Member of the U.S. House of Representatives from Massachusetts's 1st district
- In office November 6, 1820 – March 3, 1823
- Preceded by: Jonathan Mason
- Succeeded by: Daniel Webster
- In office July 23, 1827 – March 3, 1831
- Preceded by: Daniel Webster
- Succeeded by: Nathan Appleton
- In office March 4, 1833 – March 3, 1835
- Preceded by: Nathan Appleton
- Succeeded by: Abbott Lawrence

Member of the Massachusetts State Senate
- Succeeded by: William Gray

Member of the Massachusetts House of Representatives
- In office 1814-1818

Personal details
- Born: February 13, 1775 Charlestown, Province of Massachusetts Bay, British America
- Died: September 27, 1855 (aged 80) Boston, Massachusetts, U.S.
- Party: Democratic Republican and National Republican

= Benjamin Gorham =

American politician (1775–1855)

Benjamin Gorham (February 13, 1775 – September 27, 1855) was a U.S. representative from Massachusetts.

He was the son of Nathaniel Gorham, who served as one of the Presidents of the Continental Congress. Benjamin was born in Charlestown in the Province of Massachusetts Bay. He pursued preparatory studies, graduated from Harvard University in 1795, and studied law. When he was admitted to the bar he commenced practice in Boston. From 1814 to 1818 he served as a member of the Massachusetts House of Representatives and then turned to the Massachusetts State Senate, where he served from May 26, 1819 until he resigned on January 10, 1821. He was elected as a Democratic-Republican to the Sixteenth Congress to fill the vacancy caused by the resignation of Jonathan Mason; he was re-elected when the term expired, and served until March 3, 1823.
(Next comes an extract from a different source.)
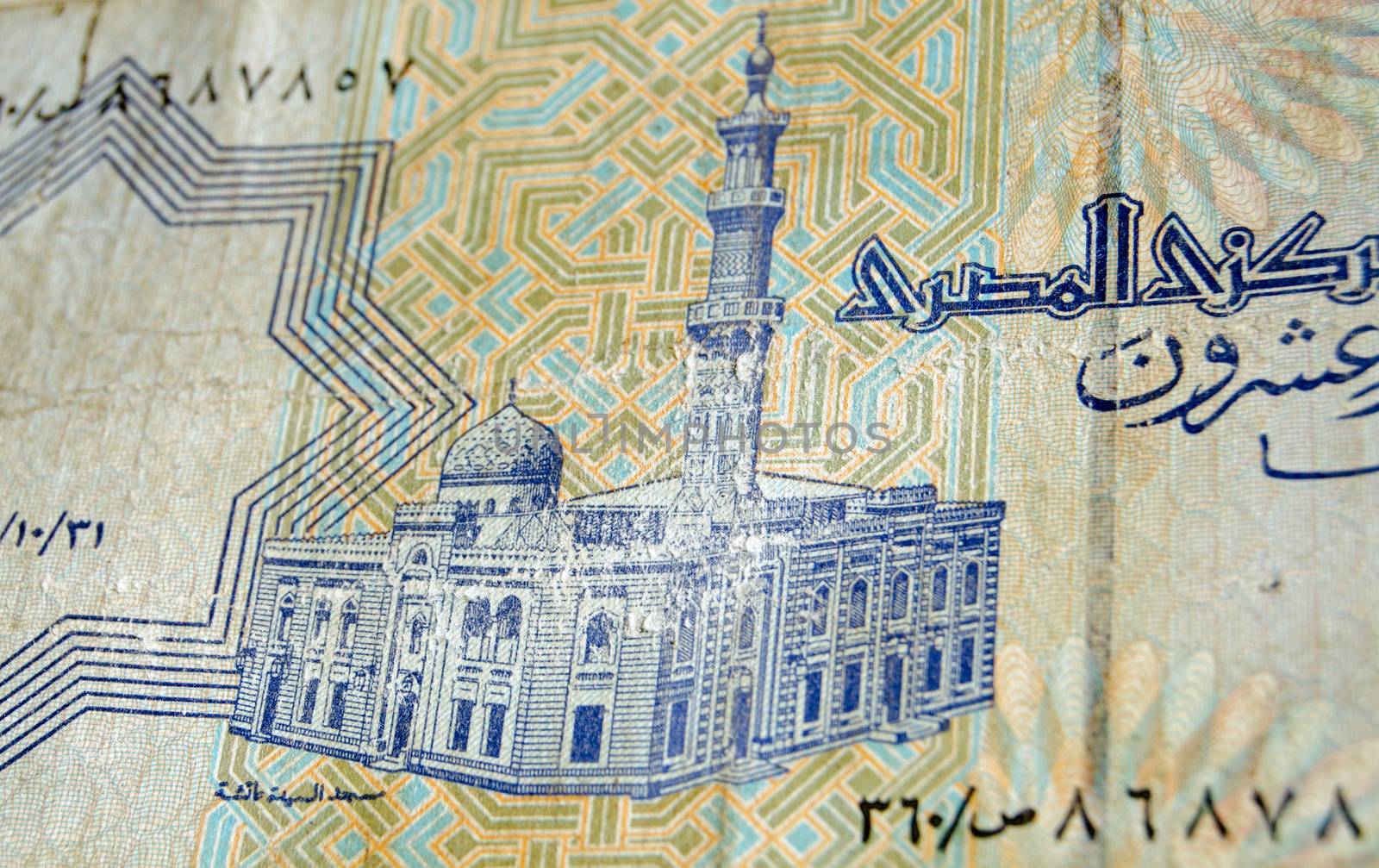 Reverse of the 25 piastres banknote from Egypt showing the historic Al-Sayida Aisha Mosque in Cairo.  Used and slightly battered banknote, photographed at an angle.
Afterwards he returned to the State senate for one term beginning May 28, 1823, before being elected as an Adams candidate to the Twentieth Congress to fill the vacancy caused by the resignation of Daniel Webster and then reelected as an Anti-Jacksonian to the Twenty-first Congress and served from July 23, 1827, to March 3, 1831. After a term filled by Nathan Appleton, he was elected as an Anti-Jacksonian to the Twenty-third Congress (March 4, 1833 - March 3, 1835). Afterward he served again a member of the State house of representatives in 1841 and resumed the practice of law.

He died in Boston in 1855, aged 80, and was interred in the Phipps Street Burying Ground in Charlestown.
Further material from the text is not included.